Just when you become reconciled to the fact that fond memories of the past will remain in the past, you get a reprieve.  When I was an active duty soldier, I had the opportunity to take my unit to the massive National Training Center (NTC) at Fort Irwin, California located 37 miles northeast of Barstow in the Calico Mountains.  It’s the premier training facility where Army units are put through their paces to evaluate their combat readiness.

The NTC is over 1000 square miles of high desert with temperatures that range from 100 degrees in the summer to sub-zero in the coldest periods of the winter.  In this environment, soldiers must be prepared for harsh conditions, made more so by the NTC’s world class opposition force—known as the OPFOR—with whom units must test their metal.

I recall my experience there with the 1st Infantry Division in 1989 and 1990 and wrote about it in my book Desert Redleg: Artillery Warfare in the First Gulf War.  The NTC helped many units prepare for that war without knowing such a conflict would actually occur.  But it did occur within months of our last visit to the NTC in the fall of 1989. Despite the hard lessons we learned—those successful and many others not so much—we nonetheless improved.  We took those lessons home with us and applied them to our training on the plains of Fort Riley, Kansas. We hoped to improve the next time we met the OPFOR, who mimicked quite well the tactics of the former Soviet Union. We had no expectation that “next” would not be in the high desert of California, but the expansive foreign deserts of Saudi Arabia, Iraq, and Kuwait. There the “OPFOR” really did want to kill us.

Indeed, we would not fight Russians, but rather their surrogates in the Middle East, Saddam Hussein’s Iraqi Army.  As a result of the taxing training at the NTC, we dealt the Iraqis a decisive defeat in the winter and spring of 1991.  That was then.  Today the NTC is learning and adapting quickly from the war in Ukraine and applying revised tactics to test the US Army for future combat that will be more challenging than anything we’ve seen in the past.

Since I am currently authoring a book on the role of the artillery in future wars, I have wondered how the NTC is preparing today’s Army units for that inevitability.  But at 73, I had little hope that I would have a change to see that training as it is today.  Imagination would have to suffice.

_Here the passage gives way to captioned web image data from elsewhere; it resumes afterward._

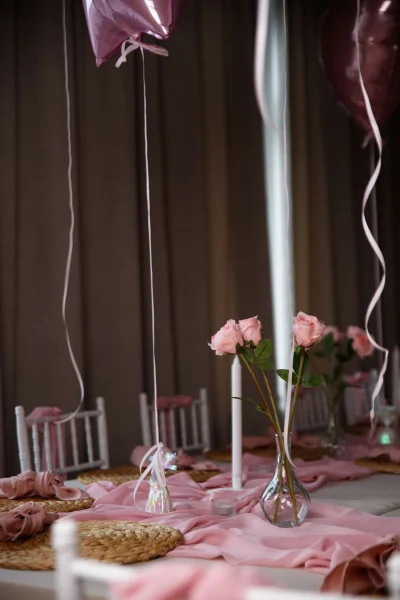 pokoj-kominkowy-wynajem-gdansk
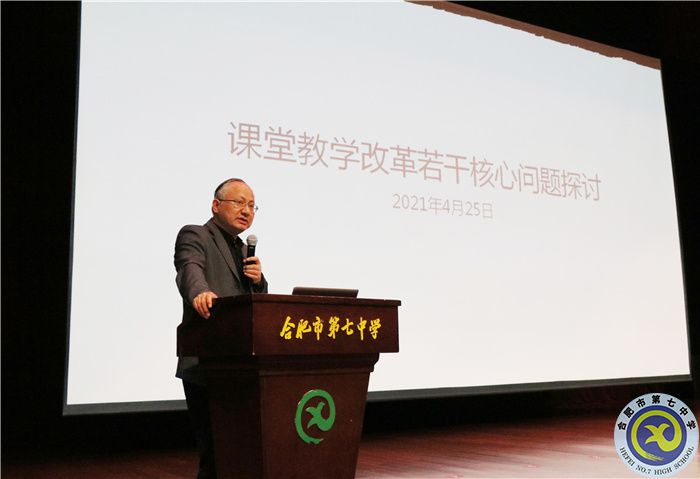 王局1.jpg 王局1.jpg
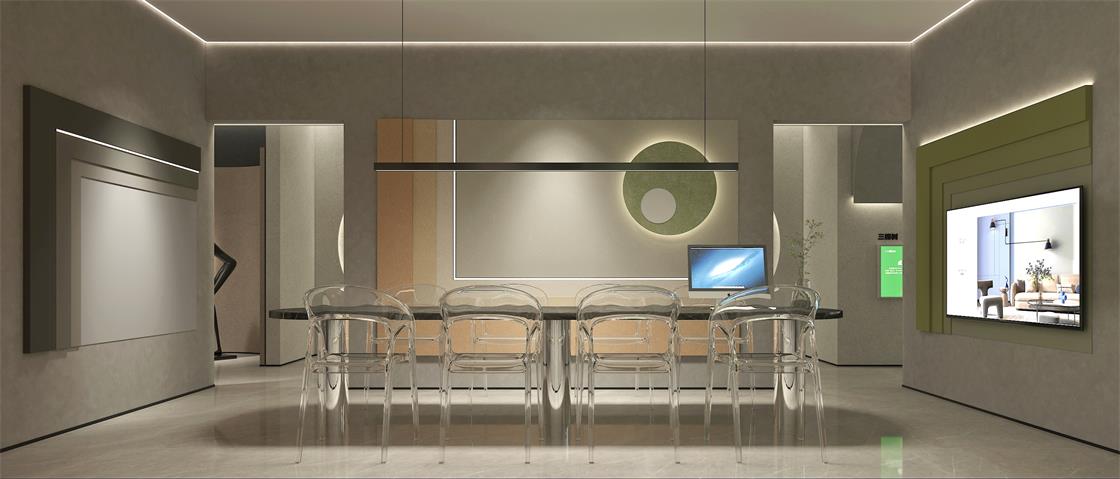 1669024301385246jDAx.jpg 5.jpg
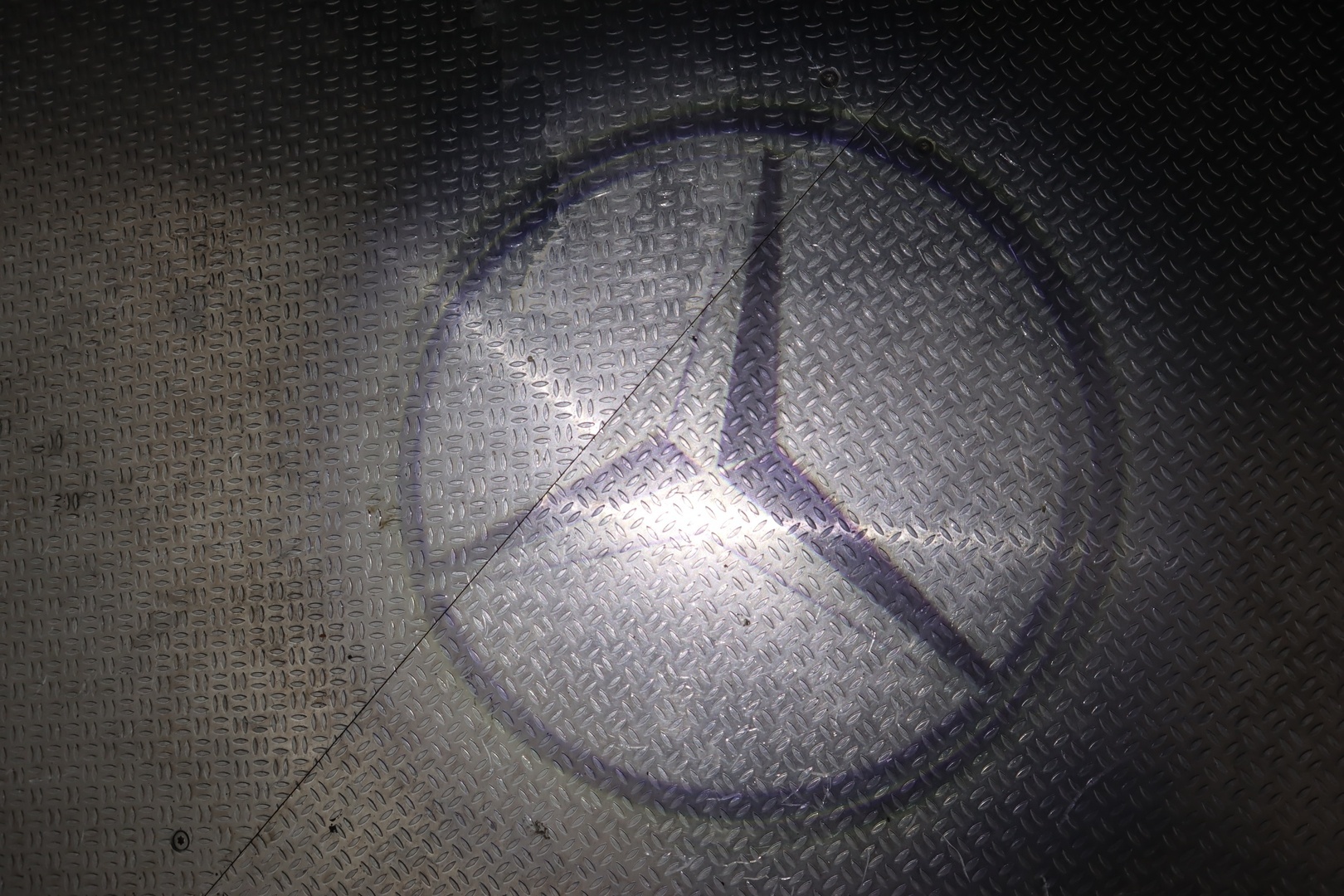 MERCEDES-BENZ Vito 2023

But then this happened.  I was invited to Fort Riley last month to address the annual Artillery Ball honoring Saint Barbara, the patron of the artillery.  In my address, I focused on future war and the need for young artilleryman today to engage in a renaissance of sorts to prepare the artillery for the major challenges it will face in the future.  It was well received.  That was good. But imagine my surprise when the 1st Infantry Division Commander approached me and extended an invitation to travel to the NTC this month to observe the artillery and the division interact in operational planning.

Ever wonder what it feels like to be a boy on Christmas morning opening a coveted present?  That was how I felt.  So next week I’ll travel to my old haunt, the NTC, to observe young artillerymen who were not alive when I first confronted the challenges of the high desert.  

This will truly be a wonderful opportunity for me to gather research on what the artillery must do to transform and prepare itself for future wars.  Much has changed since I retired in 2001, but the fundamentals are the same, even though the role of technology and the innovations we’ve witnessed in the Ukraine war must be contemplated as we prepare for future conflicts.

On this particular trip, I want to observe this new generation of artillerymen conduct the planning they will need to do to defeat today’s world-class OPFOR.  What will they do to build feasible and executable plans?  What will be involved in that?  How will they factor the plethora of data they must consider from a host of sensors and other intelligence sources that at times can be overwhelming?  What systems and technologies do they have to do all of that?  More importantly, what do they lack that they need in order to overcome the obstacles that they will face on future battlefields?  

So many questions.  And I will have the privilege of observing modern artillerymen as they sort out what must be done to log future victories.

Sometimes, life serves up unexpected opportunities, and to be sure, this aging artilleryman has secured an unexpected one.  I’m exhilarated.